Мысль, будто любая книга состоит из слов, выглядит пресной аксиомой. И все-таки каждый уверен, что форма без труда отделяется от содержания и десяти минут беседы с Генри Джеймсом вполне хватит, чтобы уяснить «подлинный» сюжет «Поворота винта». Не думаю; по-моему, Данте знал об Уголино не больше, чем говорят его стихи. Шопенгауэр заявлял, что первый том его главного труда — это единая мысль и способа передать ее короче у него не было. Данте, в свою очередь, сказал бы, что все известное ему об Уголино надо искать в его столь горячо обсуждаемых стихах.

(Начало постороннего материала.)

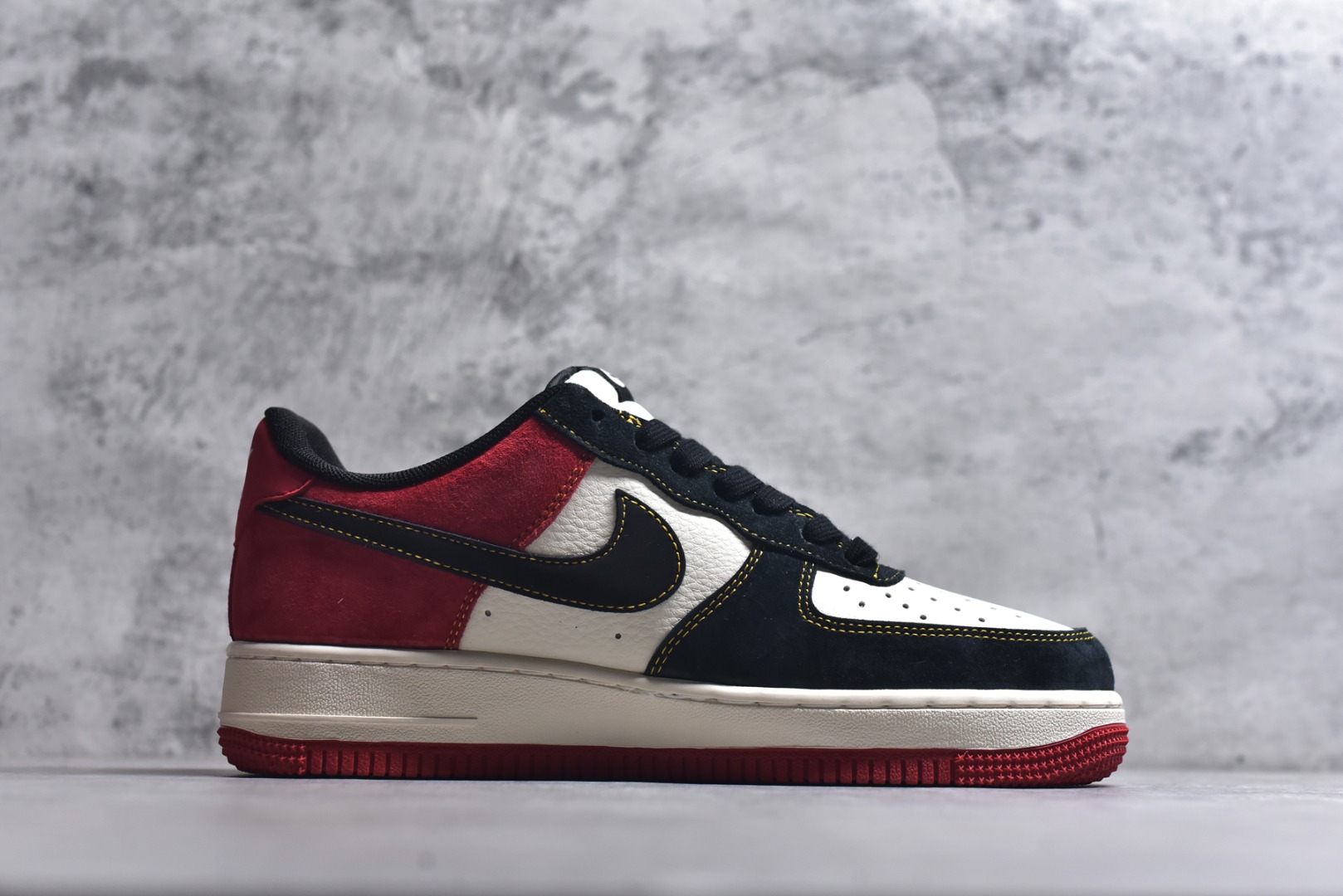 图片[3]-#2026马年限定Air Force 1太吸睛了！黑白红撞色超经典，鞋身福字、小马挂坠和2026浮雕满满新年仪式感，经典空军鞋型搭配全掌气垫，脚感柔软又百搭。新年穿它不仅颜值在线，还能把好运穿在脚下，潮人新年必备款！ 货号：HT5088-618 尺码：36 36.5 37.5 38 38.5 39 40 40.5 41 42 42.5 43 44 44.5 45-选品中心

Очутившись перед несколькими возможностями в реальности, в истории, мы выбираем одну, отказываясь от прочих; иное дело — зыбкое время искусства, сходное со временем надежды или забвения. В этом времени Гамлет и умен и безумен разом[93]. Во мраке Голодной Башни Уголино пожирает и вместе с тем не пожирает дорогие тела, и эта колеблющаяся неокончательность, это замешательство и есть та странная материя, из которой он соткан. Таким, погибающим двумя разными смертями, он привиделся Данте и будет видеться бесчисленным поколениям.